More liquidity, less fiscal pressure. Would that be enough to restore growth? Maybe, maybe not, but at least it would help. And apart from growth, it should also have a positive side effect on banks.
People won't exchange their notes for euros. They will as much as possible do the opposite, spend notes and save euros (Gresham's law: bad money chases out good), lowering the pressure on the balance sheet of banks.
The scheme displays additional tactical advantages:
- It puts pressure on Brussels and the ECB. As they might not like the scheme, they will have more incentives in coming with their own solution.
- It provides Banca de España with the possibility of becoming lender of last resort for commercial banks (in notes). Although such a possibility should be clearly announced at the start of the scheme.
- Should the events turn nasty elsewhere in Europe (and that can happen any day), Spain could make its scheme more aggressive.

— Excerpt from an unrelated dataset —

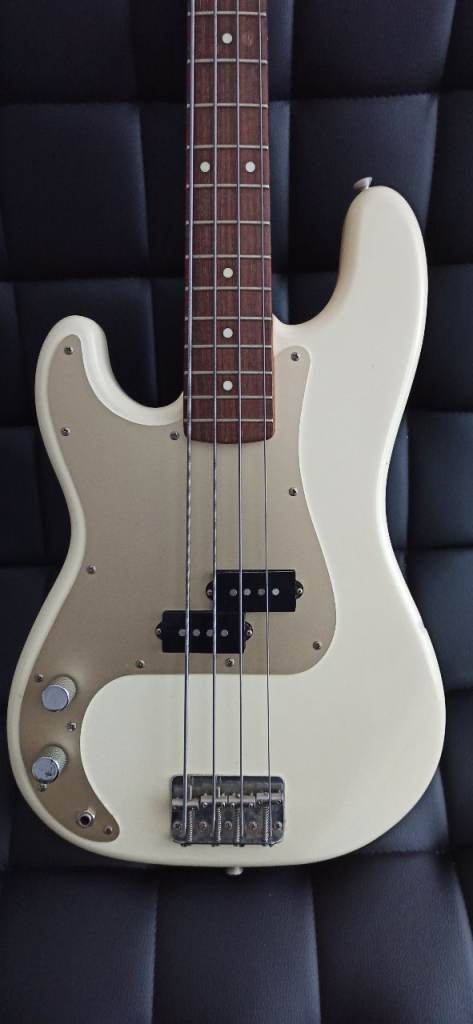 Fender Squier Japan 1980's P bass. Rare left-handed medium-scale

Suppose now that after a couple of years growth returns (thanks to the scheme or for whatever reason). Spain would balance its budget, and rates would reflect the confidence of the markets. Spain would be in position of repaying its notes as intended and ending the scheme.
Or it could renew it and use it as a monetary tool to place in the hands of Banca de España rather than those of the ECB. Since such a tool would work both ways, it would help prevent the next housing bubble.

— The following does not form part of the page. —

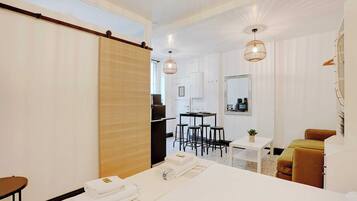 Fer et planche Ă repasser, accĂšs Internet, draps fournis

And if growth does not return, Spain could more easily decide to exit the euro and switch to the peseta, since the transition would have been facilitated by the existence of the notes. By the way, that's a reason why notes should not be called pesetas in the first place (although they are technically not much different). If the initial intent is not an euro-exit, people should not be made to believe it.
It must be noted that such a scheme is more promising if the debt level is low, the government credible, and the economy structurally healthy. Spain displays all three conditions, Greece none of them. It is however quite likely, and most unfortunate, that Greece will have to experiment IOUs first.

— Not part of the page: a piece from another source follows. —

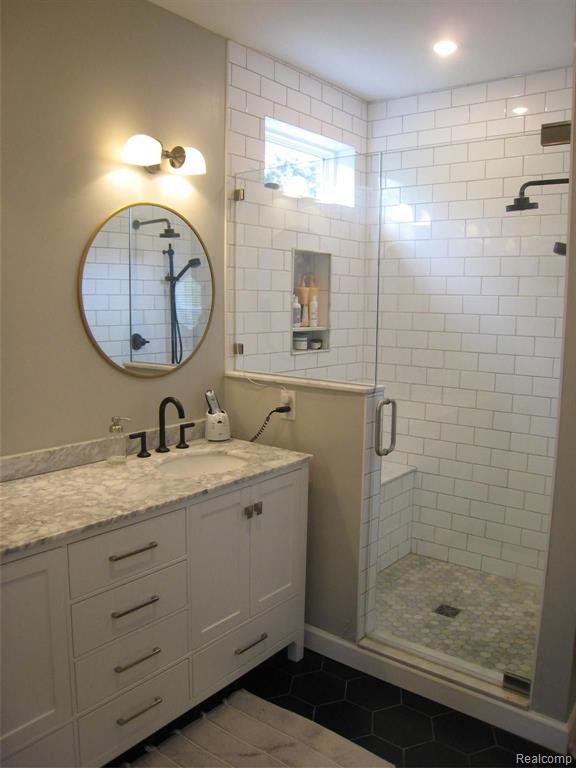 4936 CARRINGTON Drive, Rochester, MI 48306 — Photo 17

Such a dual currency system is neither odd, nor creative one. It is old-fashioned. We now increasingly hear that the euro replicates the gold standard. But the euro rather replicates gold itself. Under the gold standard, national economies had national currencies pegged to gold. In the eurozone, national economies use a common currency, in the same way as they did with gold before the 20th century. When those economies progressively issued bank notes (with a promise to repay in gold) in the 18th and 19th centuries, they created their own currencies. Gold (and other metals) remained in use until the gold standard was abandoned in the 30's. The difference between the euro and gold is that the ECB can increase the supply of euros at will, while no one ever had the power to create gold out of nothing. But if the ECB does not make enough use of its power, that difference is of little use for troubled European economies.